An experimental research study led by Oliver J. Smith, PhD, titled "An Evaluation of the Effect of Activation Methods on the Release of Growth Factors from Platelet-Rich Plasma" (Journal of Plastic and Reconstructive Surgery, February 2022), investigated whether different methods of platelet-rich plamsa (PRP) activation affected growth factor release kinetics over time.
The researchers ultimately discovered that the activation of PRP does not significantly improve growth factor secretion.
Researchers processed PRP from 20 healthy volunteers (12 men and 8 women). The experiments were split into two stages with 10 volunteers each, and three PRP preparation methods for a total of six different preparation methods including:
- control (nonactivated)
- activation with calcium chloride
- activation with calcium chloride and ethanol
- activation with calcium chloride and ethanol at 4°C
- activation with calcium chloride and ethanol with vitamin C
- activation with calcium chloride and ethanol with vitamin C at 4°C
The analysis of the samples was conducted over 24 hours only to avoid the use of culture media. At one, four and 24 hours, a minimum of 0.13 ml of PRP supernatant was extracted and frozen at -80°C. Analysis of the supernatants was conducted within two weeks of the extraction.
Growth factor quanitification was performed from VEG, IGF-1 and PDGF-AB using Quantikine enzyme-linked immunosorbent assay according to the manufacturer's instructions (R&D Systems, Minneapolis, MN).
They found that calcium chloride-activated PRP produced significantly more insulin-like growth factor at one hour compared to cold and vitamin C PRP, and calcium chloride plus ethanol produced significantly more at 24 hours compared to vitamin C PRP.
Activation with calcium chloride and ethanol with or without cold temperature produced a gradual PDGF release as opposed to calcium chloride alone, which caused higher PDGF within four hours.

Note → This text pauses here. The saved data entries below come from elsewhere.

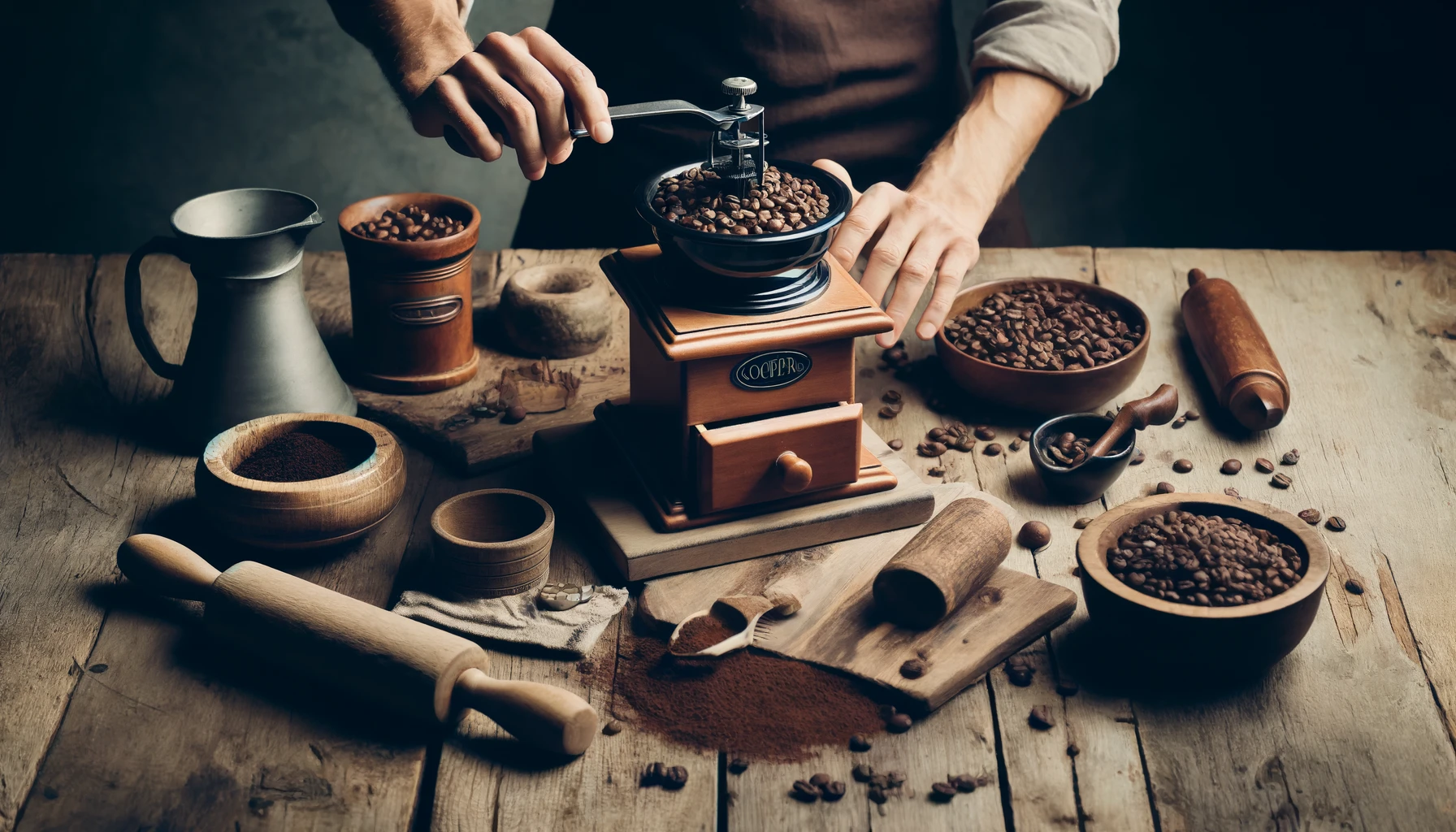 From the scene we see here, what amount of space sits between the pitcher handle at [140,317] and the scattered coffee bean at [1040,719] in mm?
1519

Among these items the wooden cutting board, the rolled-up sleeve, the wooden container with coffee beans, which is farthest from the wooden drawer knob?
the rolled-up sleeve

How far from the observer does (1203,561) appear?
1681mm

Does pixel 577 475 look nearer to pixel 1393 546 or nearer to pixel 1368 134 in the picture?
pixel 1393 546

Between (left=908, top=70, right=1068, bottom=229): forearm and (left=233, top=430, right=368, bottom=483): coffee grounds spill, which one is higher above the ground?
(left=233, top=430, right=368, bottom=483): coffee grounds spill

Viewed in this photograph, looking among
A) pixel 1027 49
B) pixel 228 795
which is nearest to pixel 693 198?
pixel 228 795

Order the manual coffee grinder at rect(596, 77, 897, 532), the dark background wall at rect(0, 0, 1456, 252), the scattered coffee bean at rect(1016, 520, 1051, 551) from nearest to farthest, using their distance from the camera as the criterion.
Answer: the manual coffee grinder at rect(596, 77, 897, 532), the scattered coffee bean at rect(1016, 520, 1051, 551), the dark background wall at rect(0, 0, 1456, 252)

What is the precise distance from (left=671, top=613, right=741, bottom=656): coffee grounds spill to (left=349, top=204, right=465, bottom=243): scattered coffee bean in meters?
0.90

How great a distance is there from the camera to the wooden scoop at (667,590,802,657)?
1740mm

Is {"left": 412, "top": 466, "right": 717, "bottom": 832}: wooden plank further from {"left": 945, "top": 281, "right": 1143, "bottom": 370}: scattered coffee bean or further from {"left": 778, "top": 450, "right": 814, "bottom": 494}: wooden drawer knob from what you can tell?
{"left": 945, "top": 281, "right": 1143, "bottom": 370}: scattered coffee bean

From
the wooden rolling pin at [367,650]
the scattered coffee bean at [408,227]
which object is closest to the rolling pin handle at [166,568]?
the wooden rolling pin at [367,650]

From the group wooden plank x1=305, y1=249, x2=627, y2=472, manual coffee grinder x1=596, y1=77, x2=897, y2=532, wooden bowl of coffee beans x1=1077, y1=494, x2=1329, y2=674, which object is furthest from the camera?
wooden plank x1=305, y1=249, x2=627, y2=472

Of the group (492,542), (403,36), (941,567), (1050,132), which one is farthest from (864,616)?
(1050,132)

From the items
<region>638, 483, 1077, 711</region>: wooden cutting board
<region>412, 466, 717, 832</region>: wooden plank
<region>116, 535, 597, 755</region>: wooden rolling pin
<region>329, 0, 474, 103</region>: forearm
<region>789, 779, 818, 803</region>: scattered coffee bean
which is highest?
<region>329, 0, 474, 103</region>: forearm

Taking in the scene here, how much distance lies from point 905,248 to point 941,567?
85 centimetres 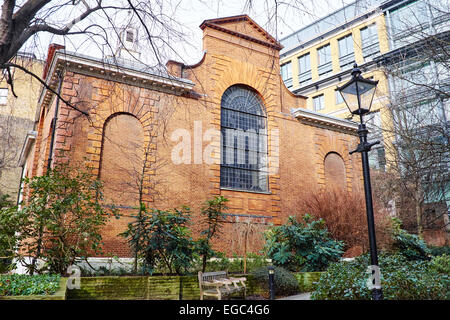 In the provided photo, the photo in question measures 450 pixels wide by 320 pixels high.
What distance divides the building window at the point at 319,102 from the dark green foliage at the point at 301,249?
26.1 meters

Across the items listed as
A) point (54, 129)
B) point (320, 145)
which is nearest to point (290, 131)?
point (320, 145)

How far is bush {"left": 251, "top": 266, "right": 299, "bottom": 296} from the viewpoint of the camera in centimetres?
1105

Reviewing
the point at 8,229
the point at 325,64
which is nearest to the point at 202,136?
the point at 8,229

There were no significant differences between groups for VEGF, although calcium chloride and cooled PRP approached significance compared to vitamin C PRP.
Despite the differences in the release times, the authors concluded that activation of PRP does not significantly improve growth factor secretion, which is made worse by the addition of vitamin C. Also, ethanol did not negatively impact growth factor production and may offer a more gradual release.